= List of Ender's Game series short stories =

There are various sources for short stories set in the Ender's Game series. One is the short story collection First Meetings by Orson Scott Card. This collection contains the original novelette Ender's Game plus three other stories. Another source is Card’s webzine InterGalactic Medicine Show. The first four stories from Card's webzine: "Mazer in Prison," "Pretty Boy," "Cheater," and "A Young Man with Prospects," also appear in the paperback anthology Orson Scott Card's InterGalactic Medicine Show. Reprints of short stories in the Ender's Game series can be found in other science fiction anthologies.
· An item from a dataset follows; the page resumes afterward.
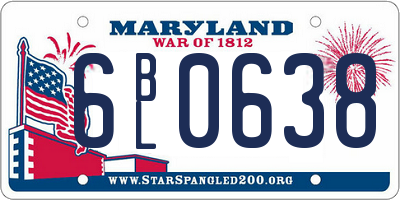 MD license plate 6BL0638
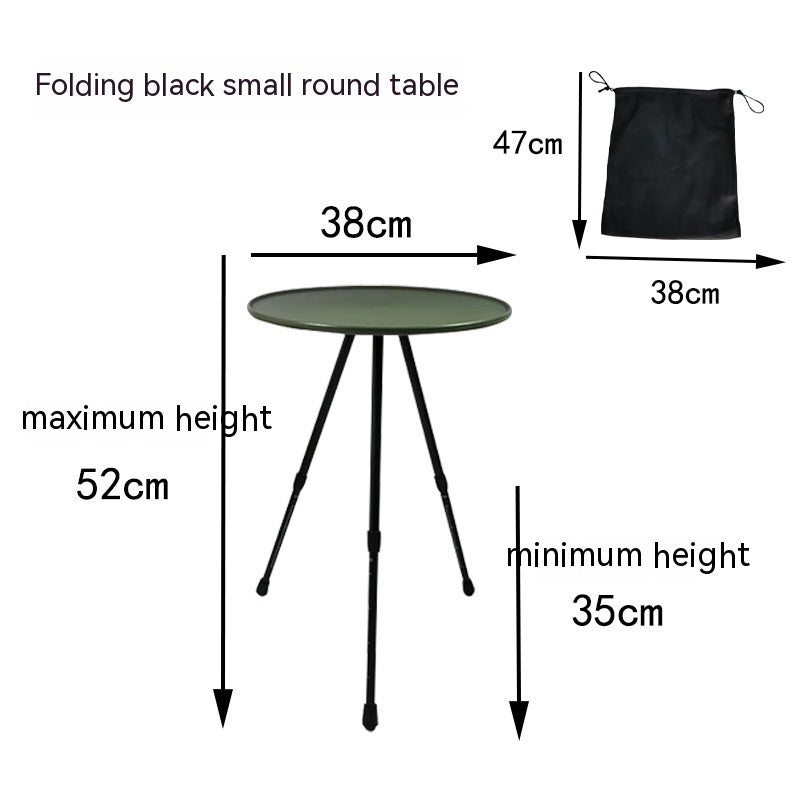 Outdoor Camping Folding Aluminum Alloy Tripod Table - Image 4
==Analog Science Fiction and Fact==

- "Ender's Game"
This story is the original Ender's Game novelette which Card published in the August 1977 issue of Analog Science Fiction and Fact.

- "Gloriously Bright"
This story introduces the characters of Han Fei-tzu, Han Qing-jao, and Si Wang-mu and was published in the January 1991 issue of Analog Science Fiction and Fact.

==First Meetings==

- "Investment Counselor"
This is the story of how Ender Wiggin first meets the AI Jane and decides to become a speaker for the dead.

- "The Polish Boy"
This is the story of how John Paul Wiggin (Ender's father) comes to the attention of the International Fleet as a child.

- "Teacher's Pest"
This is the story of how John Paul Wiggin first meets and falls in love with his future wife Theresa Brown.

==InterGalactic Medicine Show==

- "Mazer in Prison"
This story centers around Mazer Rackham, a young Hyrum Graff, and the creation of Battle School.

- "Pretty Boy"
This is the story of Bonito "Bonzo" Madrid as a child, and his decision to go to Battle School. First published in the March 2006 issue of InterGalactic Medicine Show, the story also appears in the anthology Orson Scott Card's InterGalactic Medicine Show.

- "Cheater"
This story tells how Han Tzu (Hot Soup) ends up getting selected to go to Battle School.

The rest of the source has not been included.